(Listed entries)

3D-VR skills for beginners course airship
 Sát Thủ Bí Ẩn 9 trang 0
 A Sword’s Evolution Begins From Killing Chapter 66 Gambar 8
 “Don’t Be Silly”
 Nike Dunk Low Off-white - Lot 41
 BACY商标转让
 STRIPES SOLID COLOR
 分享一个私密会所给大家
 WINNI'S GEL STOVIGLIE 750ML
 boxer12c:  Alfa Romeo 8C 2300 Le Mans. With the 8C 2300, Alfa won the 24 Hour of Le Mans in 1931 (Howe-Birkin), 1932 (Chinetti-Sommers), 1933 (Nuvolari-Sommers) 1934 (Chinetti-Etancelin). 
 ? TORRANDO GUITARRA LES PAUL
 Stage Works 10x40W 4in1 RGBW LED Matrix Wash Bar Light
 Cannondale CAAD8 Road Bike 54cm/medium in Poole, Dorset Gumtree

(End Listed entries)

=== Task directions ===
Repeat each record in full; every line must match exactly.

=== Answer box ===
3D-VR skills for beginners course airship
 Sát Thủ Bí Ẩn 9 trang 0
 A Sword’s Evolution Begins From Killing Chapter 66 Gambar 8
 “Don’t Be Silly”
 Nike Dunk Low Off-white - Lot 41
 BACY商标转让
 STRIPES SOLID COLOR
 分享一个私密会所给大家
 WINNI'S GEL STOVIGLIE 750ML
 boxer12c:  Alfa Romeo 8C 2300 Le Mans. With the 8C 2300, Alfa won the 24 Hour of Le Mans in 1931 (Howe-Birkin), 1932 (Chinetti-Sommers), 1933 (Nuvolari-Sommers) 1934 (Chinetti-Etancelin). 
 ? TORRANDO GUITARRA LES PAUL
 Stage Works 10x40W 4in1 RGBW LED Matrix Wash Bar Light
 Cannondale CAAD8 Road Bike 54cm/medium in Poole, Dorset Gumtree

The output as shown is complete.